As a political candidate whose foremost issue is the sexy topic of upgrading and repairing sewers, storm drains, and wastewater treatment facilities, I applaud your cover story (Dave Wielenga's “Flush Twice—It's a Long Way to Huntington Beach,” May 10). The sewage plume is simply the largest bit of evidence that we need to end the blame game and finger pointing and get down to some serious business about cleanup, upgrading and . . . yes, eyelids are drooping. But this is important stuff. Certainly the Weekly thinks so. And I'm glad.

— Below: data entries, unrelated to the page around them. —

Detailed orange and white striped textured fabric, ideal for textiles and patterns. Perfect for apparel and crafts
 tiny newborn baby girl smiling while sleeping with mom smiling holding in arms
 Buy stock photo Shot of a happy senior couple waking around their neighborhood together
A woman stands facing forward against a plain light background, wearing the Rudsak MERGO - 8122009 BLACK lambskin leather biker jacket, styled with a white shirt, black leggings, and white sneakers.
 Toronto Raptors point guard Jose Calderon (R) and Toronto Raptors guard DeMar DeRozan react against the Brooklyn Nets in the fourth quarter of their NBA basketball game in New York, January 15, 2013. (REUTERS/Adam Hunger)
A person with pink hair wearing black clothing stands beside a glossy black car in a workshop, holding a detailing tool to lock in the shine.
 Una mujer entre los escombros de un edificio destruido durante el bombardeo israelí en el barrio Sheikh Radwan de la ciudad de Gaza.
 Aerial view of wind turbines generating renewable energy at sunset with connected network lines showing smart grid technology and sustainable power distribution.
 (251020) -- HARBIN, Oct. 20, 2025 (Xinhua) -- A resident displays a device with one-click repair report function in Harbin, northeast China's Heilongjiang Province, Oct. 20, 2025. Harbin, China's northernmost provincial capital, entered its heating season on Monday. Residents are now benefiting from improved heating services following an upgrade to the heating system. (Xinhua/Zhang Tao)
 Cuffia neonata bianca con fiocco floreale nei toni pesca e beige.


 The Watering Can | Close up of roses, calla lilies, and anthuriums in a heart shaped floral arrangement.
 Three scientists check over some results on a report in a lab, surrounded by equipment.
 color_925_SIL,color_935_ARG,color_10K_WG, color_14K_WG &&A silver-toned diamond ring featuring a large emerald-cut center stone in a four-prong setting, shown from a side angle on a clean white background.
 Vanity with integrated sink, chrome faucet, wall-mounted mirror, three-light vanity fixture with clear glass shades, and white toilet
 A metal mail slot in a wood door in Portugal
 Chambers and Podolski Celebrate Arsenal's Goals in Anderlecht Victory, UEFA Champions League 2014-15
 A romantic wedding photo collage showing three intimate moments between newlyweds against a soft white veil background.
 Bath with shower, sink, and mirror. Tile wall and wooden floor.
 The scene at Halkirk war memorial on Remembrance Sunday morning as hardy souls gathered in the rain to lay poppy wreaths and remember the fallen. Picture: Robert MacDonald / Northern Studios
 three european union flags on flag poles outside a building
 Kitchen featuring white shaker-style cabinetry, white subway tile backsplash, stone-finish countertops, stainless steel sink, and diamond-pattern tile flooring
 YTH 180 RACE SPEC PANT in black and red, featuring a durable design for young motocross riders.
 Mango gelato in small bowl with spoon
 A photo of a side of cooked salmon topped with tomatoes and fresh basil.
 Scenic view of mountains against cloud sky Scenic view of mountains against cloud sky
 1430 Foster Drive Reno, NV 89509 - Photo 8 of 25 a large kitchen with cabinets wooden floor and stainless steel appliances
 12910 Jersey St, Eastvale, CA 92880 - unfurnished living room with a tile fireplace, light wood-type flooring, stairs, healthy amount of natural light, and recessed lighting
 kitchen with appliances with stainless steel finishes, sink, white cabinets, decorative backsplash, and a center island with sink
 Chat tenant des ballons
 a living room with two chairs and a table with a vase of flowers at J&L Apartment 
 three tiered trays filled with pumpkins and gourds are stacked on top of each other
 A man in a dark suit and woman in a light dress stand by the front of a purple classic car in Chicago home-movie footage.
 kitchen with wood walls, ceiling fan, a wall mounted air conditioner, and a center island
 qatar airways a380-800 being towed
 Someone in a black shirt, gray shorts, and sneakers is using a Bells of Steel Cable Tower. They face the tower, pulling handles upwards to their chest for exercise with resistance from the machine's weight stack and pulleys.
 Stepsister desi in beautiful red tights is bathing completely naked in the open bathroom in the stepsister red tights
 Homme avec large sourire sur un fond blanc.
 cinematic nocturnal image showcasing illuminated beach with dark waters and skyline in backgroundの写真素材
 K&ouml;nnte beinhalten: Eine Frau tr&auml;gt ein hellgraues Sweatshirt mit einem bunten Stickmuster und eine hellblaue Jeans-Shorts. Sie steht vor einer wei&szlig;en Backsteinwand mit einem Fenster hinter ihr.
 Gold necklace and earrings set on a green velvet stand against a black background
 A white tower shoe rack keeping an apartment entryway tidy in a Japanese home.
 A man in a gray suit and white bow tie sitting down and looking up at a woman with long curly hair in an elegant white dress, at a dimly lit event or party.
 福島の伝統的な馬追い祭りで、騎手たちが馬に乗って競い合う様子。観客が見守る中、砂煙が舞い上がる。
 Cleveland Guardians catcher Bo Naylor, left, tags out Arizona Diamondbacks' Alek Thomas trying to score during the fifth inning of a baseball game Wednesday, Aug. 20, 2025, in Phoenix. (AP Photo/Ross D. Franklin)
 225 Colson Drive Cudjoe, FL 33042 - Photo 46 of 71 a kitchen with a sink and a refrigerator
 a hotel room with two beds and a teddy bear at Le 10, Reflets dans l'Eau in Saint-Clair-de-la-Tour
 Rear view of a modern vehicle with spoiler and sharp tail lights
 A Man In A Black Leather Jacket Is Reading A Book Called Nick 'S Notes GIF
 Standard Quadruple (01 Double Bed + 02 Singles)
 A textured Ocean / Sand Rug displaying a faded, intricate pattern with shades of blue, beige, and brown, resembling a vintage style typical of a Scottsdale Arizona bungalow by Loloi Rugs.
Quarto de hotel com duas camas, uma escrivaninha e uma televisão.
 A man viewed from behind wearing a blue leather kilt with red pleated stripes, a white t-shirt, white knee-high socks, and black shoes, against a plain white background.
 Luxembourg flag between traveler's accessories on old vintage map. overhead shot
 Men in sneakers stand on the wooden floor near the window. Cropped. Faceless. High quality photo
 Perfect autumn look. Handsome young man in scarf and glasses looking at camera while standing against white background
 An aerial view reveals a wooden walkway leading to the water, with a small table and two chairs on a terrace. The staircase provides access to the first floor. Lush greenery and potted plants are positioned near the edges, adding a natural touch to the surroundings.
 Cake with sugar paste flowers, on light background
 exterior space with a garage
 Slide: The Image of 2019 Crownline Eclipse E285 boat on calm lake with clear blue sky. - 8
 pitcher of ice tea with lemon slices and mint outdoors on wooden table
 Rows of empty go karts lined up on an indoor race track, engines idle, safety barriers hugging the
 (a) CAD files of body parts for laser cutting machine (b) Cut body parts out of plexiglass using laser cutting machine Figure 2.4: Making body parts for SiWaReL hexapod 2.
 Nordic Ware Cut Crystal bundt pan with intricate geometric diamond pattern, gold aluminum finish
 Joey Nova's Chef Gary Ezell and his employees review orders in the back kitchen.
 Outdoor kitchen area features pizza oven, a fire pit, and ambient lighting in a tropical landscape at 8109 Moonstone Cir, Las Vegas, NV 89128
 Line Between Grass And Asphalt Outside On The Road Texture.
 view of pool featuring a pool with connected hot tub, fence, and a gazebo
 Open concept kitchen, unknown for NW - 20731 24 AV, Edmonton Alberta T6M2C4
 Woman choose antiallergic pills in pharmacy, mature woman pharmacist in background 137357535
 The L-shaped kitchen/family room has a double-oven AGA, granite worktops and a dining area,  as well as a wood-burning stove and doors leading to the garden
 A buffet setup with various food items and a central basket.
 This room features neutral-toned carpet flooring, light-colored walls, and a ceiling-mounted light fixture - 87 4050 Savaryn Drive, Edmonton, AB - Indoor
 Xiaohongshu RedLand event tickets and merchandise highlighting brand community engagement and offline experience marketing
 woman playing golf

Keep up the good fight. (Zzzzzzz.)

Bill Orton
Seal Beach
MATTHEWS AND JAGGER: LIKE NAILS ON CHALKBOARD

I watched the Rolling Stones' PBS performance from the “Bridges to Babylon” tour a few years back and enjoyed it until this annoyingly grating singer dueted tediously with Mick Jagger on “Wild Horses.” I thought, “What in God's name could have prompted the Stones to invite onstage this nails-on-chalkboard singer?” The name of this singer was Dave Matthews. Allen Trautloff's piece was spot-on (“The Whine, the Howl,” May 10)! I savored it. I savored it knowing how Matthews' fans would be as annoyed reading it as I was annoyed listening to Matthews massacre a classic Stones song.

Mark Murphy
Corona del Mar

It wasn't the Mr. Hankey-like, corn-studded fecal cover but rather the superb Allen Trautloff review of Dave Matthews that brought a sense of completion to my year here in South OC and provided a proper sendoff. On the heels of Jim Washburn's insightful response (Letters, “Sometimes an SUV Is Just an SUV,” May 3), these two pieces define much that is wrong with OC. But it is with regrets that I am NorCal-bound, ever-pondering what the pages of OC Weekly will address in the coming weeks. I will sorely miss my Thursday ritual.

Pete Steinmetz
Mission Viejo
FATHER'S DAY

I have seen the stellar 36-year career of my father, Superior Court Judge James O. Perez, take an unfair pummeling in the press, with a few exceptions (R. Scott Moxley's “Judicial Whopper,” May 17). Finally, the truth is told! THANK YOU, THANK YOU, THANK YOU! Your article hit the mark.

Joe T. Perez
Deputy Public Defender
THANKFUL FOR PASCO . . .

I was taken aback when I read how Stan Oftelie used the Ku Klux Klan and the John Birch Society as examples of the sentiments against the proposed airport at El Toro (Mark Petracca's “Over the Edge,” May 3). I disagree, however, with Petracca's condemning the messenger. We should be grateful to LA Times reporter Jean Pasco for exposing the pro-airport forces for what they are—not just insensitive and offensive, but clueless—and why they lost.

Hanna Hill
via e-mail

Mark Petracca responds: Ah, yes, the innocent-messenger defense. Pasco is no innocent. She didn't present Oftelie's opinion of South County voters as an outrageous slander. Indeed, she told her readers that the man comparing the South County anti-airport movement to the Klan was something of a scholar—”an armchair historian of Orange County,” she called him. Even if Pasco was simply the dutiful messenger, where the heck were theTimes' editors?




BIRTHDAY CARD

Hi, Rich Kane! Sorry it took so long to get back to you, I've been very busy recruiting (“No Cake for Adolf,” April 26)!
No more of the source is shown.